(Moscou) « Antipatriotique », « russophobe » et « démotivant » : le dernier film du réalisateur Pavel Lounguine provoque la colère des anciens combattants russes, qui l’accusent de donner une image peu reluisante du retrait des troupes soviétiques d’Afghanistan il y a 30 ans.

Basé sur des faits réels, Fraternité (Bratstvo) dresse le portrait d’un groupe de militaires pris dans l’engrenage des derniers mois de la guerre menée par l’URSS en Afghanistan (1979-1989), qui a fait officiellement plus de 14 000 morts du côté de l’armée soviétique.

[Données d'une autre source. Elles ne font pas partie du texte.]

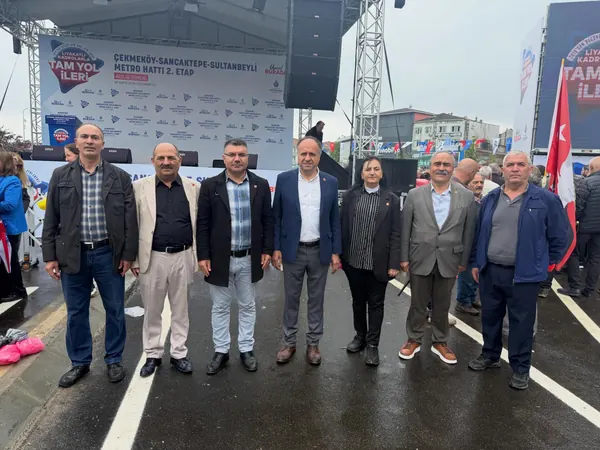 Pendik örgütüyle birlikte · 103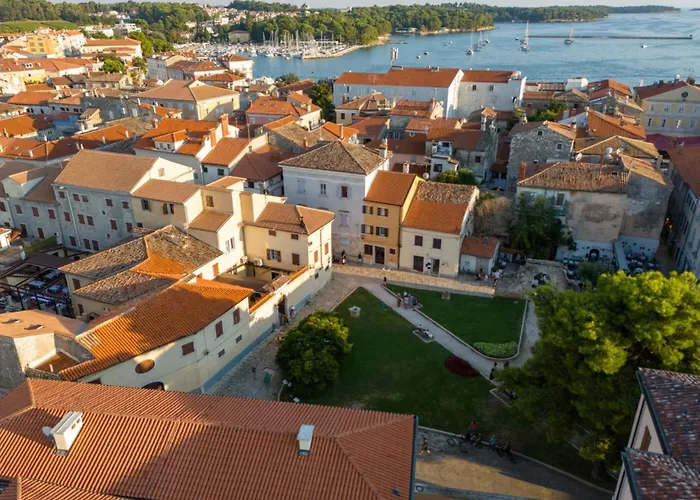 Waterfront In Apartman *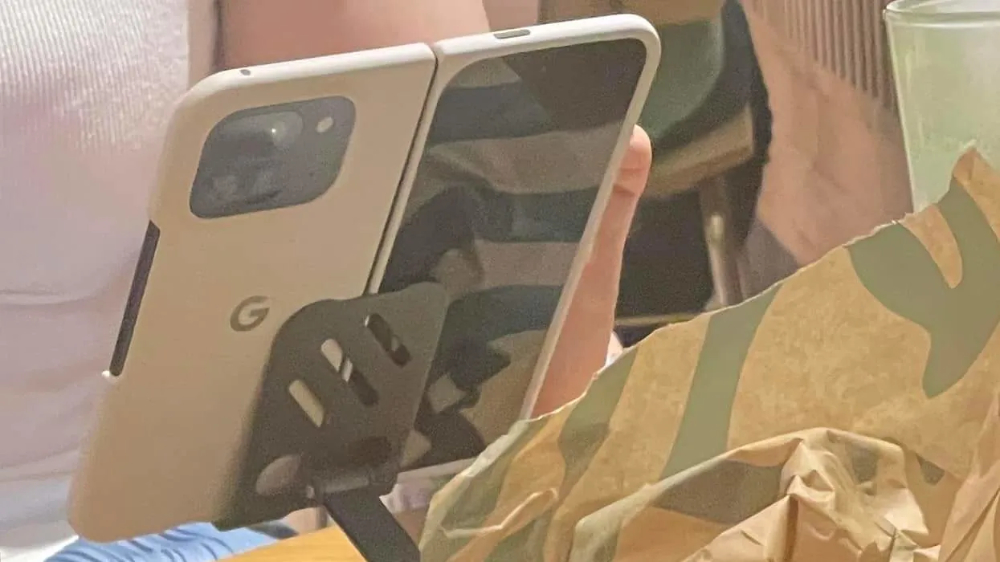 Pixel 9 Pro Fold 實機 Pixel 9 Pro Fold 實機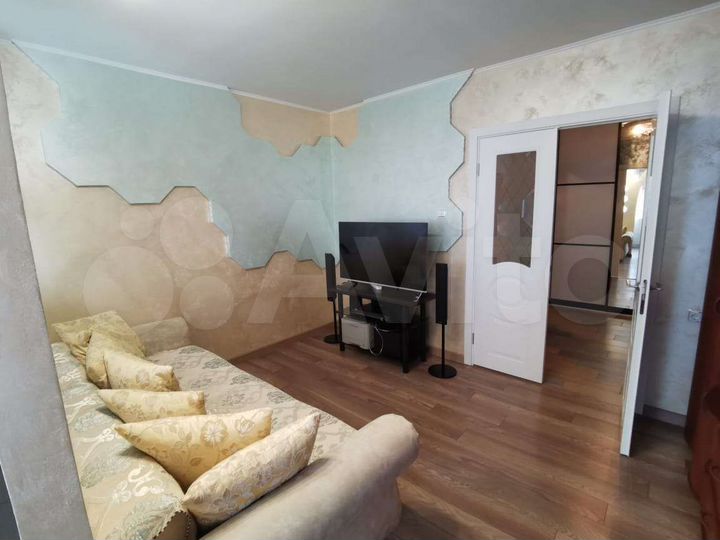 2-к. квартира, 60,3 м², 4/16 эт.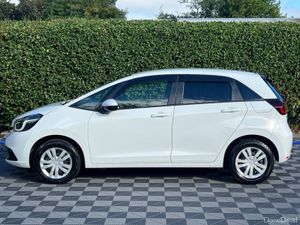 Honda Fit 1.2 HYBRID AUTO // DIGITAL CLUSTER // RE - Image 3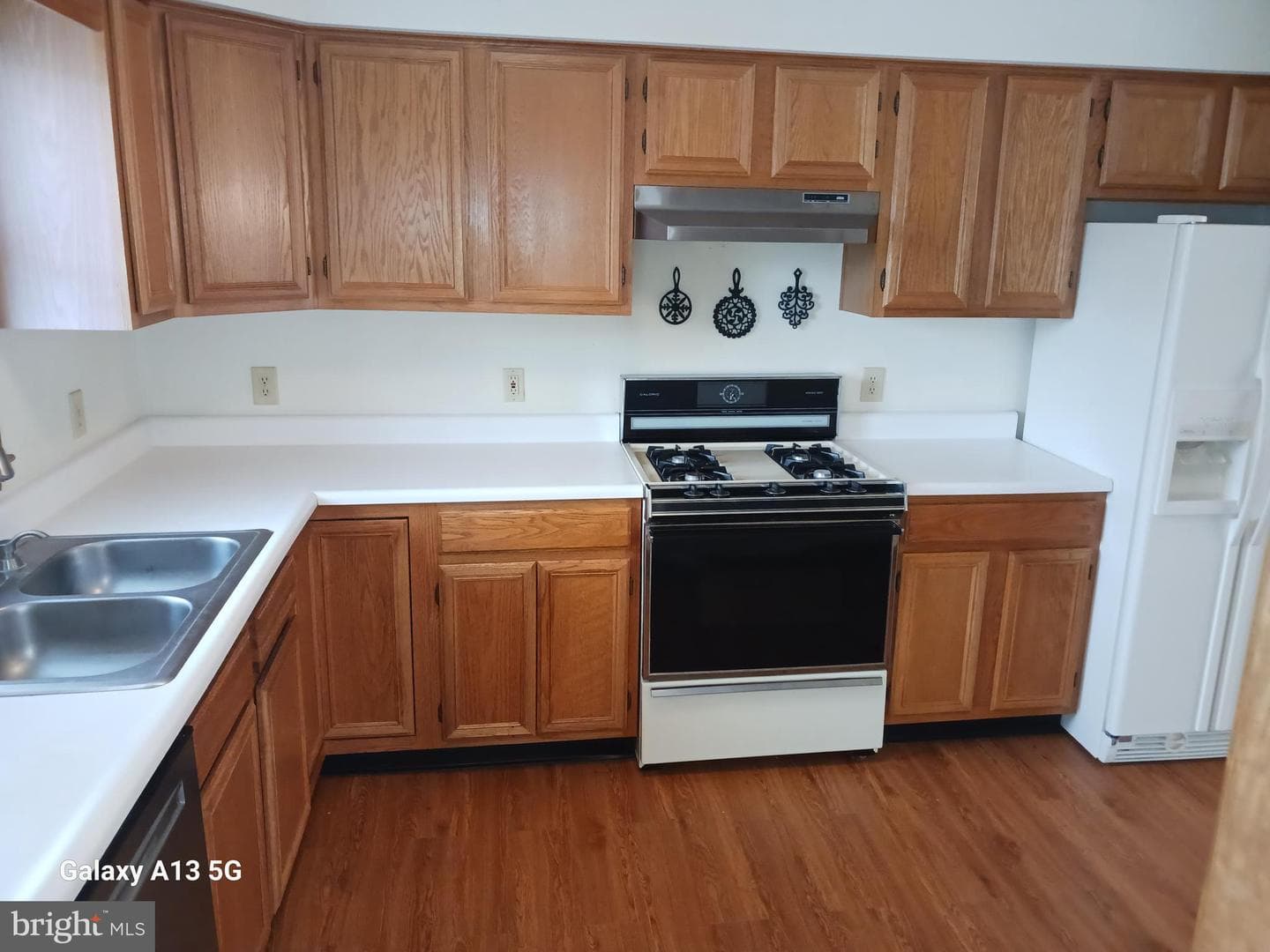 211 Poplar Drive photo 6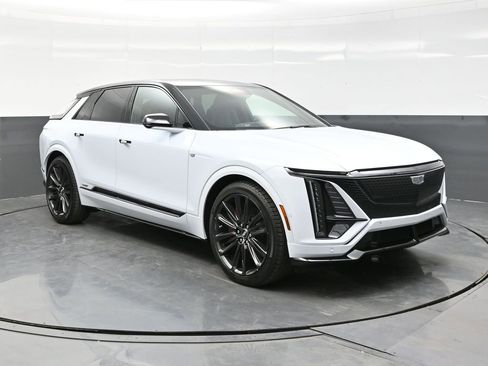 New 2026 Cadillac Lyriq V AWD/4WD image 1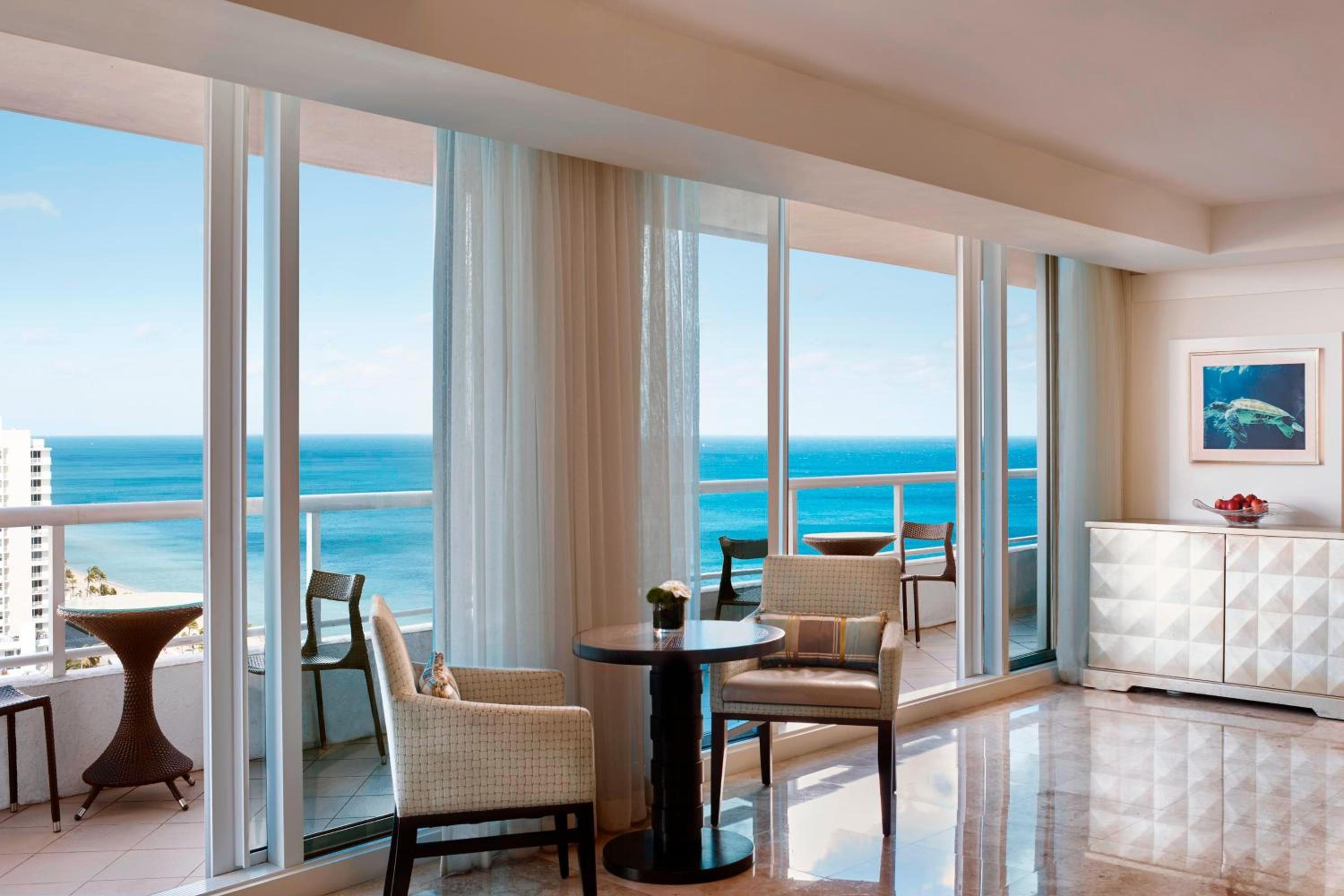 King Room with Lanai Pool View photo 3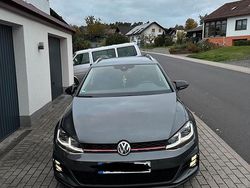 Grau Gebraucht 2019 VW Golf VII Kombi | 16.000 € (Teuer)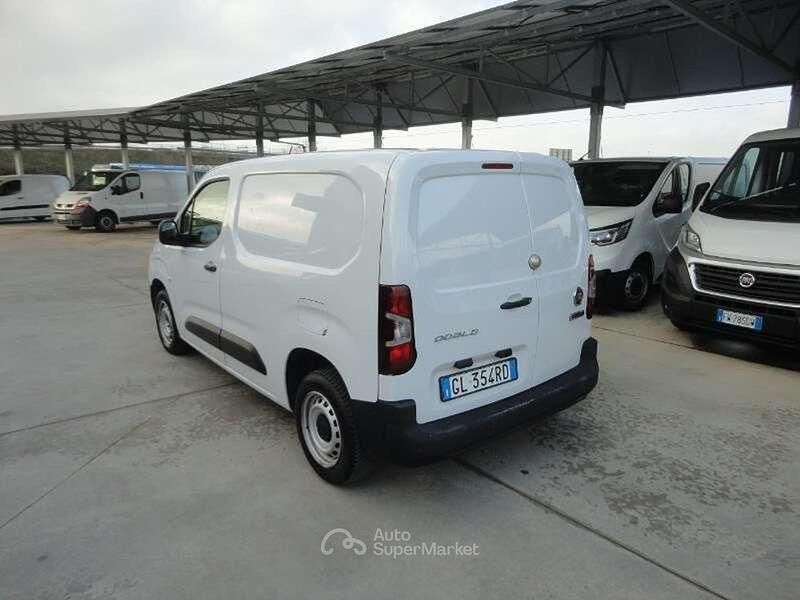 Usata Fiat Doblò 102 CV (75 kW) 2023 Bianco Monovolume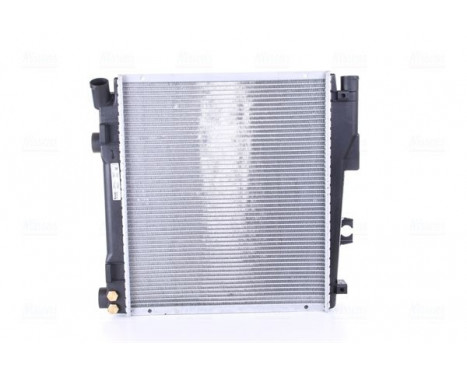 Radiator, engine cooling 60674 Nissens, Image 3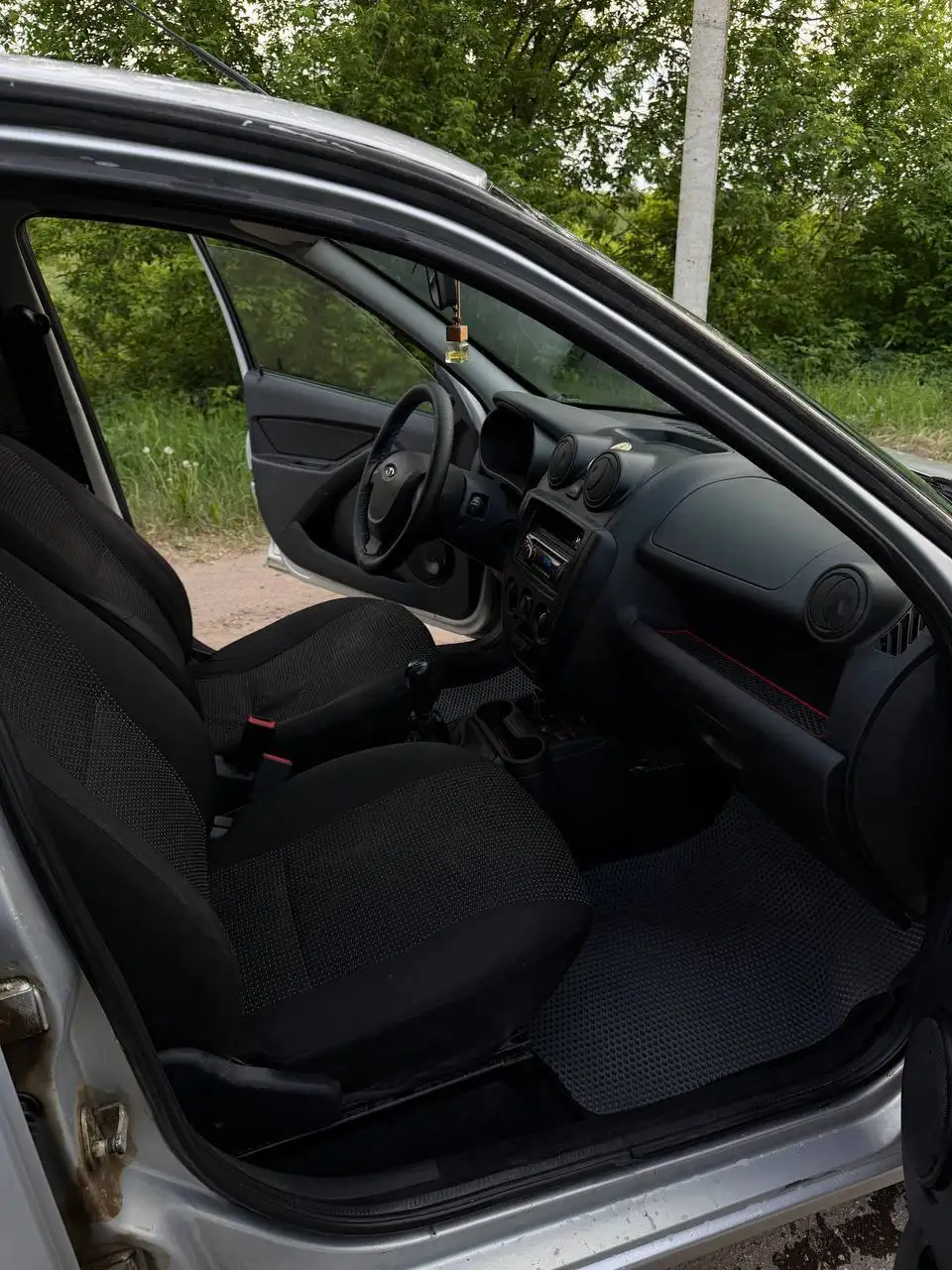 Лада Гранта 2013 года - Легковые автомобили (Авто) в Канаш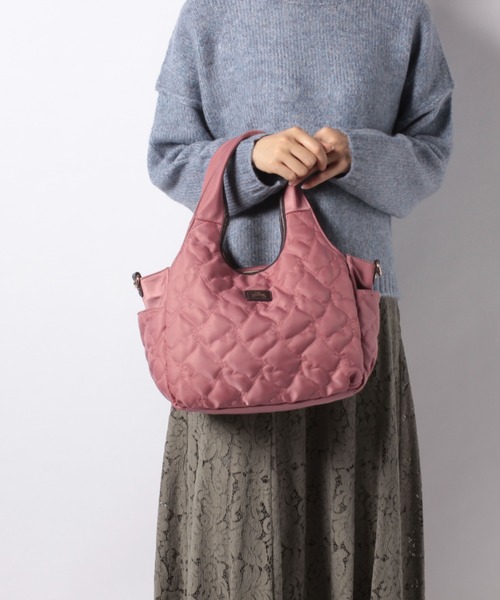 Via Demizon（ビアデミゾン）の「ネコ柄のキルティング２WAYトートバッグ（トートバッグ・レディース・ブラック/ピンク/ダークベージュ/ネイビー・フリー）」の7枚目の写真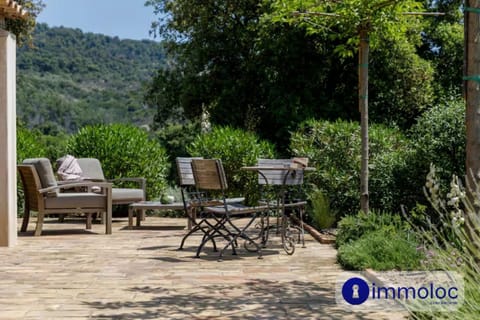 Air-conditioned villa with swimming pool Villa in Sainte-Maxime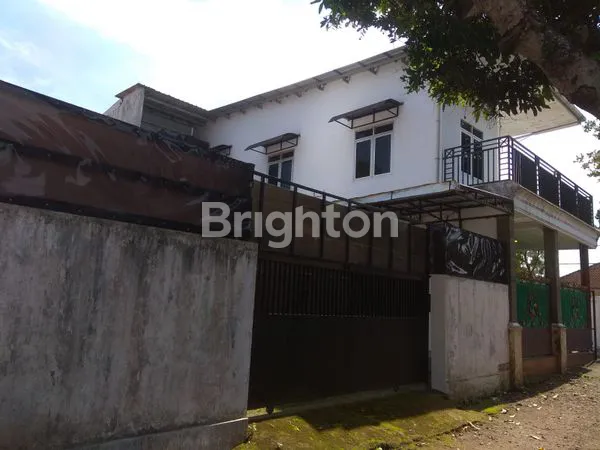 image BANGUNAN TENGAH KAMPUS DEKAT HOTEL (3)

Défendant une œuvre qu’il dit « honnête », le réalisateur, primé à Cannes avec Taxi blues en 1990, y montre des soldats ivres ou se livrant au pillage, des scènes peu conformes à l’air du temps en Russie, où les autorités soumettent le monde culturel à une pression croissante pour montrer le passé sous un jour héroïque.

Initialement prévue pour le 9 mai, alors que le pays célèbre comme chaque année en grande pompe la victoire contre l’Allemagne nazie, la date de la sortie a finalement été reportée au lendemain après des semaines d’incertitude.

Les principales organisations d’anciens combattants et de mères de soldats se mobilisent toutefois pour empêcher la sortie en salles, voire interdire, ce qu’elles considèrent comme un film piétinant la mémoire des vétérans et noircissant encore un épisode humiliant de l’histoire soviétique.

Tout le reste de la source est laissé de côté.